Grasella Sofia Mingkid - detikNews
Selain Sukses, Bhayangkari Diharapkan Bawa Keluarga Masuk Surga Kapolda Jatim saat menghadiri acara peringatan Kesatuan Gerak Bhayangkari (Foto: Grasella Sofia Mingkid)
Surabaya - Bhayangkari kini telah memasuki usia ke-65 tahun. Selain harus bisa mengantar suami dan anak sukses, Bhayangkari juga diharapkan mengantar suami dan anak masuk surga.

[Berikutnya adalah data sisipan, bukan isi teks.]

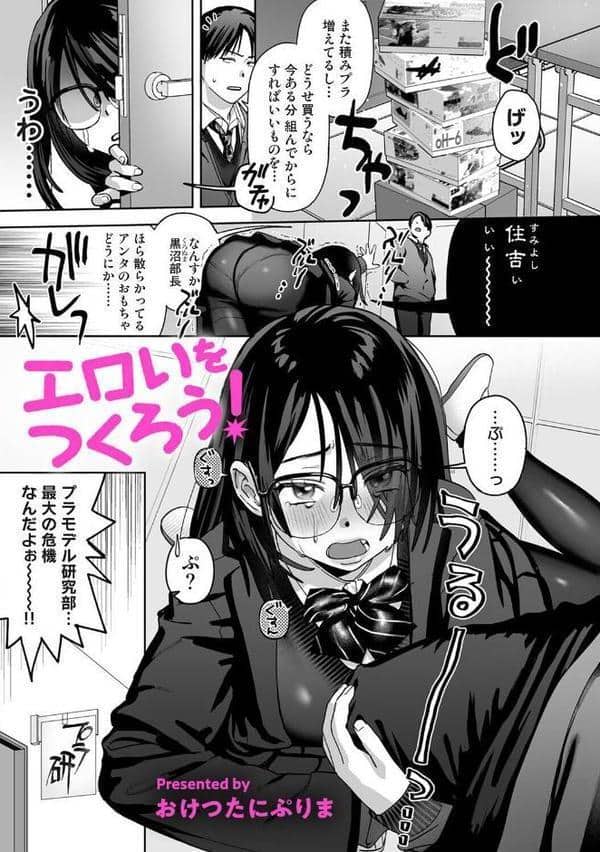 アナンガ・ランガ Vol.128 hitomiエロ漫画raw(同人誌)無料サンプル画像036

"Bhayangkari harus bisa mengantar suami dan anak-anaknya untuk sukses. Lebih jauh lagi mengantar suami dan anaknya masuk surga, itu yang paling penting," ujar Kapolda Jatim Irjen Pol Machfud Arifin dalam sambutannya pada Upacara perayaan HUT Kesatuan Gerak Bhayangkari di Hotel Wyndham Surabaya, Rabu (25/10/2017).

Machfud juga meminta agar bhayangkari semakin mandiri dan kreatif.

"Sesuai dengan tema perayaan tahun ini, diharapkan Bhayangkari bisa mandiri dan kreatif sehingga mendukung tugas Polri untuk menjunjung nama baik Polri. Ini tentunya arti yang berat dan bermakna. Mandiri artinya tidak membebani, kreatif artinya dituntut untuk bisa membantu suami dalam sisi ekonomi," ujarnya.

Foto: Grasella Sofia Mingkid
Machfud juga menambahkan, bahwa istri-istri polisi kini sangat terbuka untuk melakukan wirausaha dan aktivitas kreatif lainnya untuk mendukung pekerjaan suami dan sisi ekonomi keluarga.

"Silakan berwirausaha, melakukan kegiatan kreatif selama itu bersifat positif dan dapat mendukung tugas-tugas suami," ujarnya.

Ketua Bhayangkari Polda Jawa Timur, Litta Machfud Arifin juga kembali menegaskan hal yang sama. Ia mengatakan sudah seharusnya para istri polisi di zaman ini kreatif dan mandiri. "Kita harus siap mendukung Polri untuk meningkatkan kepercayaan masyarakat dalam kerangka Negara Kesatuan Republik Indonesia," jelasnya.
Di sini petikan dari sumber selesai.